Sing Kee Seafood Restaurant, a popular Cantonese restaurant opened in 2011, shuttered abruptly last month, Bowery Boogie reports. Although the owners have not released a public statement, the decision to close the establishment on 42 Bowery was purportedly due to a rent hike. Meanwhile on the Upper West Side, Henry’s, a neighborhood fixture since 1999, announced that its final service will be on Sunday, October 21, according to the West Side Rag. Owner Henry Rinehart cited “changes in my personal and professional priorities” as his reasons for leaving in a public message to customers. Scott Snyder, his former chef and current business partner, will assume ownership of the space.
Pop-ups and happenings around town
Chef Sam Smith of Tusk, a seasonal Middle Eastern restaurant in Portland, OR, and Matt Griffin of Studio at the Freehand New York hotel will join forces for a two-night dinner series starting on Tuesday, October 9. The duo will serve a special menu with highlights including Tusk’s cumin-spiced hummus made with shelling beans, as well as kibbe naya with raw lamb leg, turmeric, yogurt, and green wheat. For dessert, diners can order a chocolate zucchini cake topped with malted whipped cream. Reservations can be made here. In Brooklyn, Eater Young Gun DeVonn Francis is continuing to bring people together at Living Room, a seasonal chef-in-residence series at Yardy at Rype Studios. On Thursday, October 11, Jae Joseph will host a discussion with Sable Smith, an artist and writer, and Pamela Sneed, a poet, activist, and teacher. Tickets are $40. Over on Orchard and Essex Streets, the Lower East Side Partnership is gearing up for Sunday, October 14, when the neighborhood will celebrate its 19th annual Pickle Day, a street festival featuring gherkins galore from 20-plus local vendors.
Slice Out Hunger lets diners try New York’s best slices for $1 each
New York’s most prominent slice shops are teaming up on Wednesday, October 10 for Slice Out Hunger, an annual pizza festival at St. Anthony’s Church in Greenwich Village. All proceeds will be split between The Sylvia Center, a nonprofit that promotes healthy eating, and City Harvest, a local charity that rescues 61 million pounds of potential food waste each year and delivers it to food-insecure New Yorkers. Scott Wiener, the founder of Scott’s Pizza Tours, is throwing the event, which brings together a star-studded line-up including Di Fara, Lucali, Paulie Gee’s Slice Shop, Patsy’s, and Prince Street Pizza. All slices are available for just $1, with a limit of one per customer from each pizzeria. A $150 donation allows two customers to skip the lines with a VIPizza Passport.
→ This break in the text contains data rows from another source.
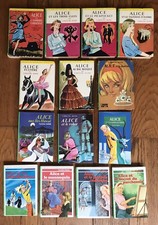 Lot 14 livres BIBLIOTHEQUE VERTE - ALICE - Caroline QUINE -  années 1960 /1990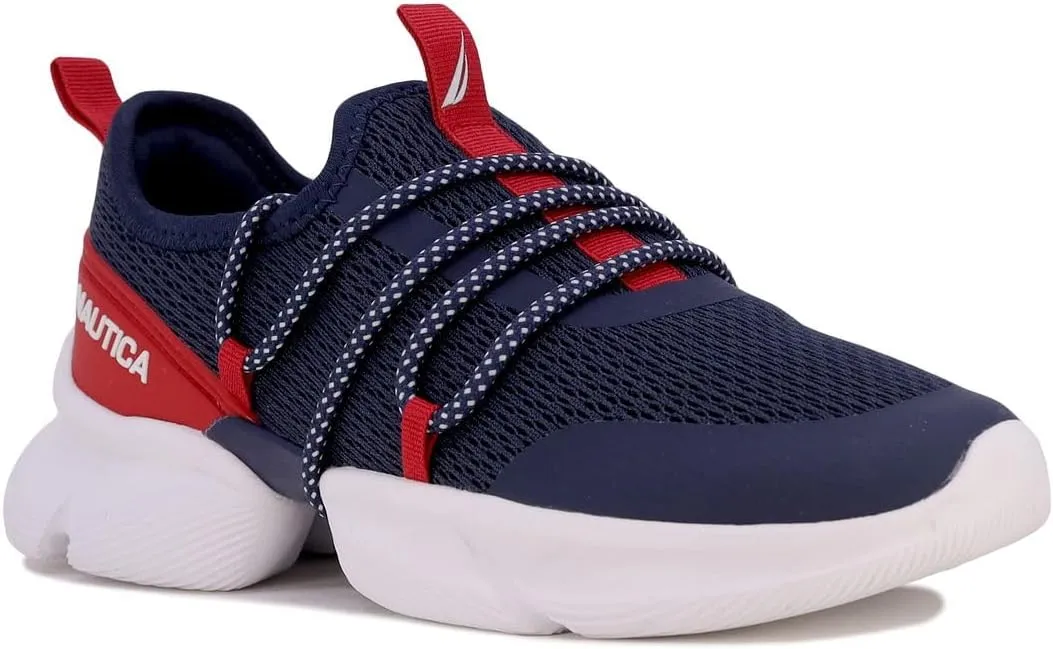 Nautica Women's Fashion Sneaker Lace-Up Jogger Running Shoe Casual Walking Tennis Sneaker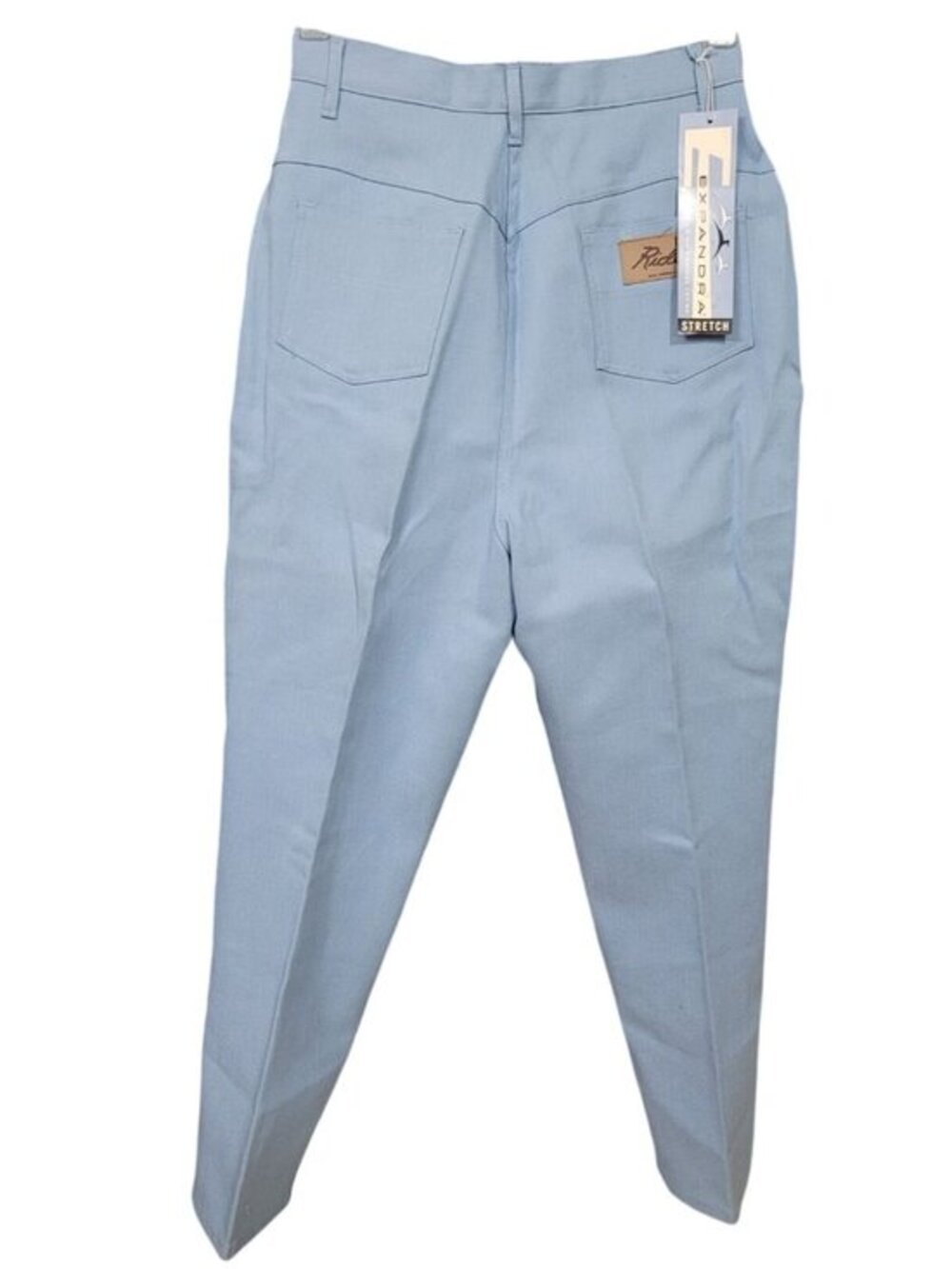 Vintage Gingham Shirt & Pants Set Light Blue - Picture 9 of 12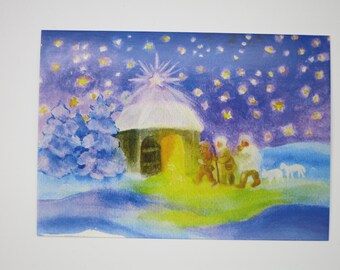 Adoration of the Shepherds - Seasonal Table - Postcard - Waldorf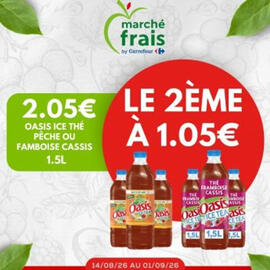 Catalogue marché frais Géant page 4: Oasis Ice Thé €1,05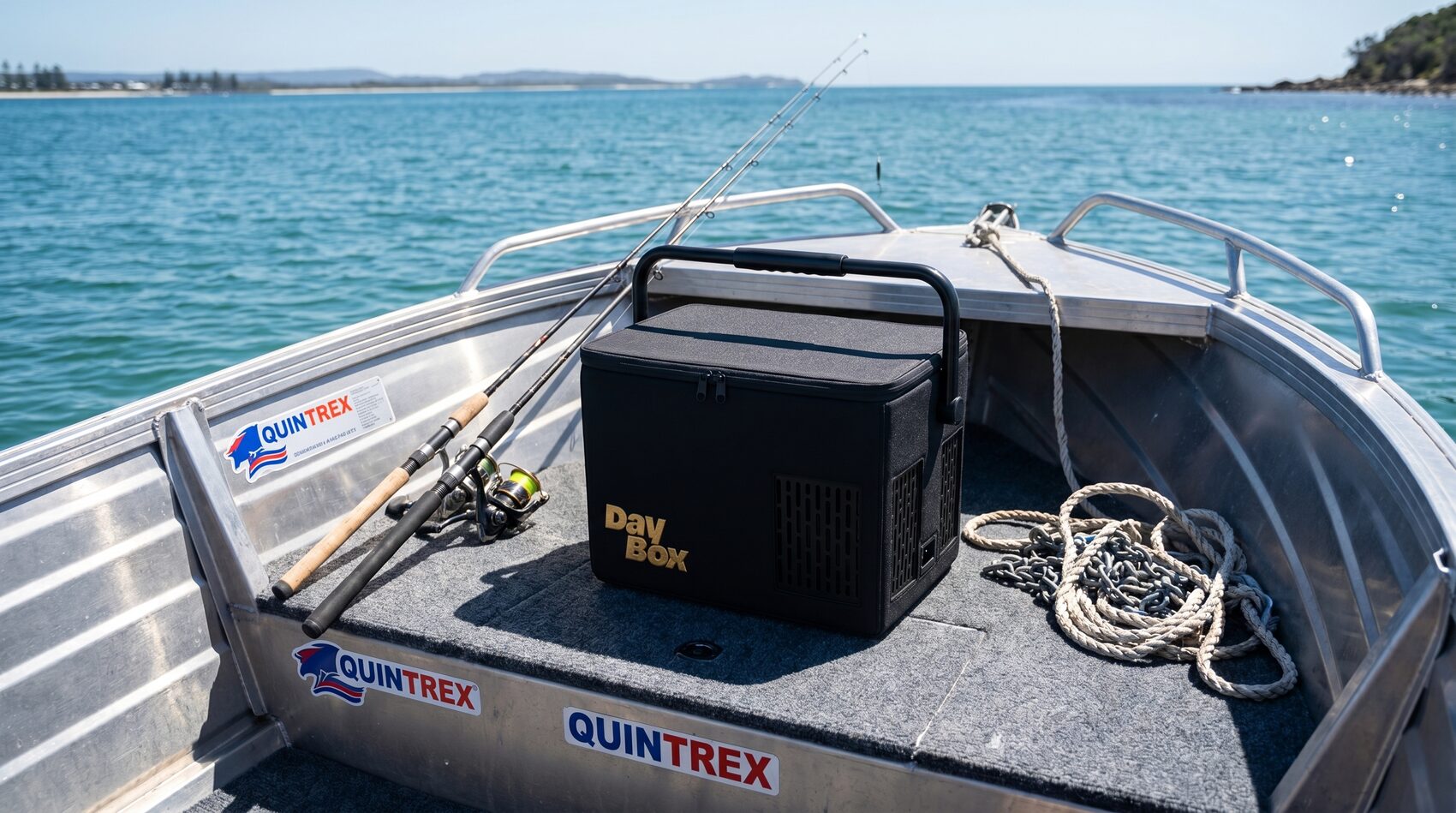 DayBox Cover on a boat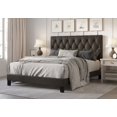 thumbnail image 3 of HMD Daisy Full Upholstered Platform Bed, PU Brown, 3 of 3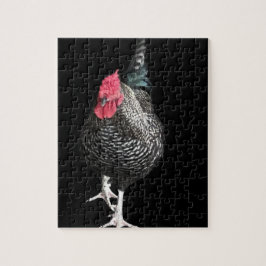 Quebra-cabeça Cockerel preto n.o 3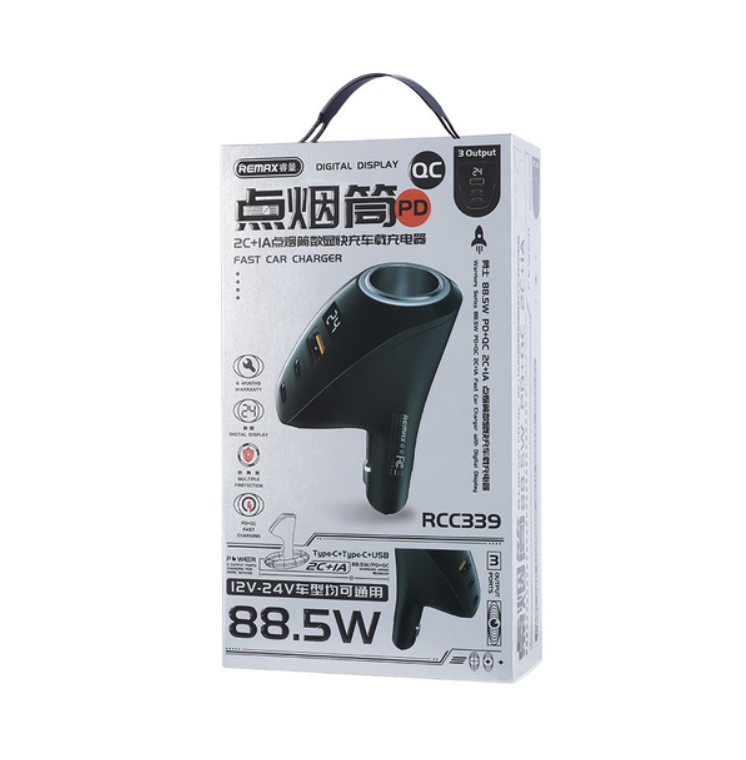 Зарядное устройство Remax RCC339 88,5W PD/QC 2C/1A (37461-01_299) - фото 2 Зарядное устройство Remax RCC339 88,5W PD/QC 2C/1A (37461-01_299) - фото 2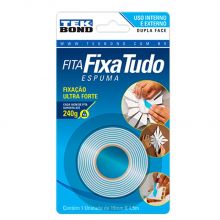 CINTA DOBLE FAZ FIJA TODO ESPUMA TEKBOND 19MM X 1,5MT INT/EXT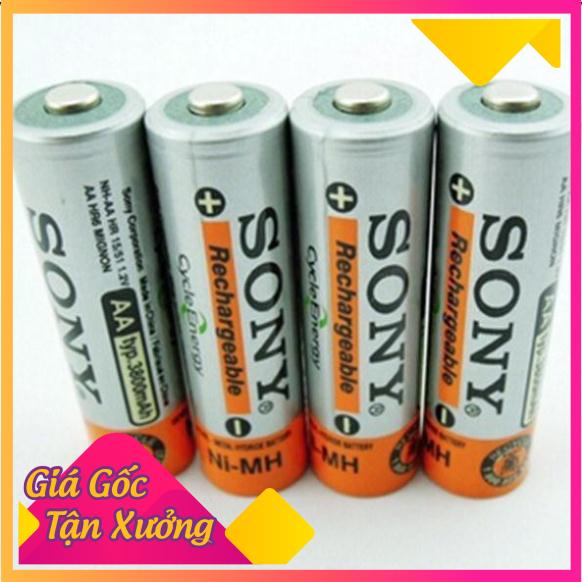 [XẢ KHO+FREE SHIP] Combo 2 Cặp Pin AAA và AA Sony. Sạc Đựoc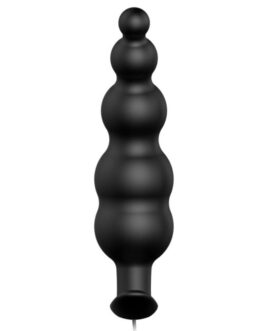 PRETTY LOVE – PLUG ANALE IN SILICONE EXTRA STIMOLAZIONE E 12 MODALIT DI VIBRAZIONE NERO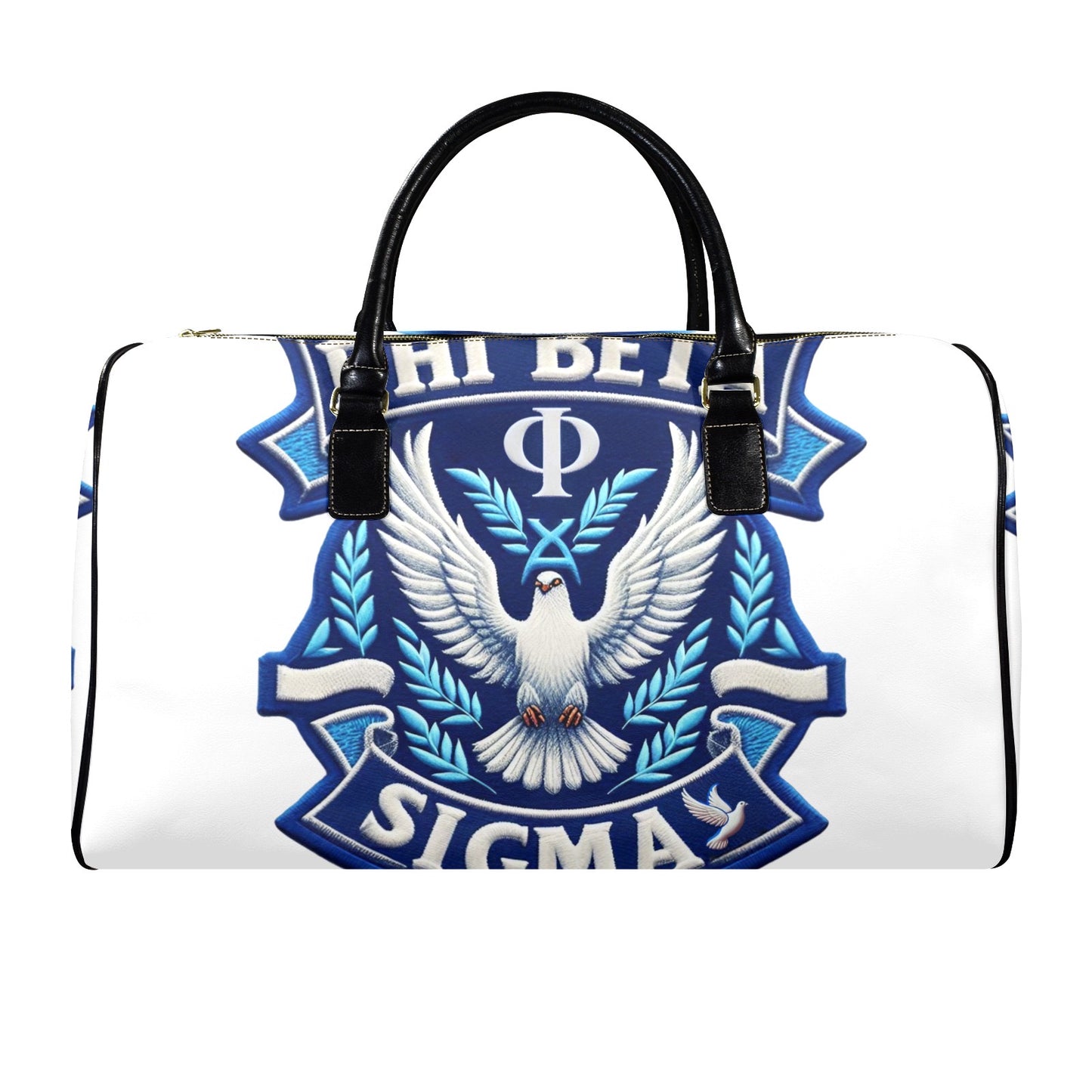 Phi Beta Sigma Leather Travel Bag-Large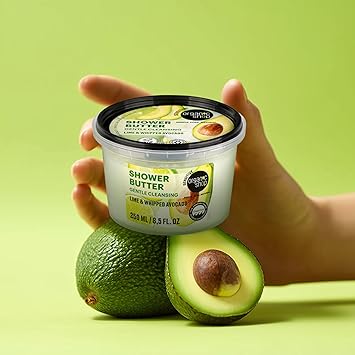 Organic Shop Gentle Cleansing Shower Butter Lime and Whipped Avocado 250 ml - Image 4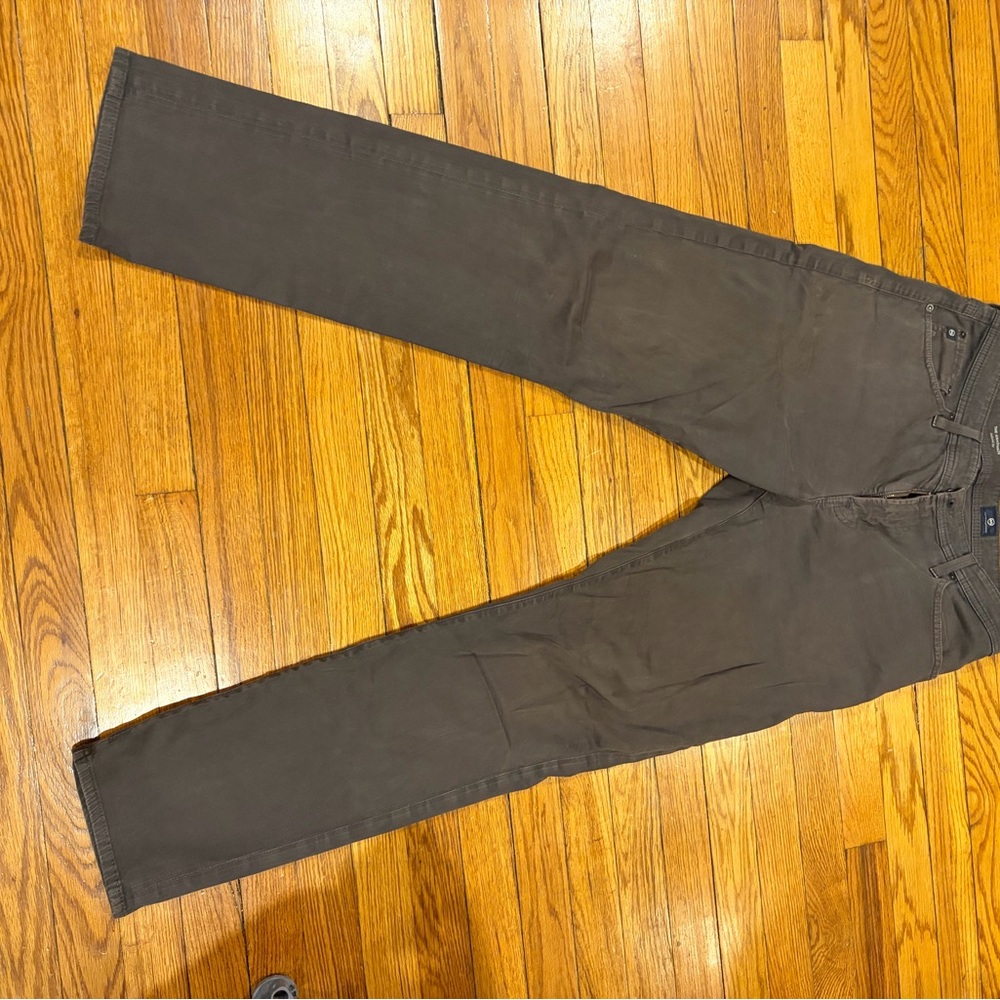 AG Adriano Goldschmied Dark Brown Chinos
Hot Bread Kitchen’s pioneering founder will step down after a decade
Jessamyn Waldman Rodriguez, the founder of East Harlem-based social enterprise Hot Bread Kitchen, will step down from the organization after 10 years, the Times reports. Rodriguez worked for years in the nonprofit sector prior to launching the project in her Brooklyn kitchen. Over the past decade, the organization has provided job training for income-insecure women, many of whom are immigrants or recovering from incarceration. Since its launch, the program has expanded to include HBK Incubates, an incubator that provides resources to small-scale food entrepreneurs. Hot Bread Kitchen will continue to grow and expand nationally under the leadership of its new executive director, Shaolee Sen.
This New York ice carving studio is offering ice luges for private parties
Okamoto Studio, a New York-based ice carving collective run by Takeo and Shintaro Okamoto, has announced that it will offer hand-carved ice sculptures for private events. In recent years, the father-son team have made a name for themselves at the city’s cocktail bars. Their larger ice sculptures have popped up around town at everything from bar mitzvahs and weddings to flashy events for the fashion set. Now, for $220 a piece, customers can purchase a “Fun Luge,” a 30-pound, LED-illuminated ice sculpture designed to chill drinks. The unconventional centerpieces come in more than 50 designs ranging from predictable — a Halloween pumpkin — to over-the-top — the aptly titled “Dude Torso.” Once the drinks start flowing, party guests have four to six hours before it all quite literally melts away.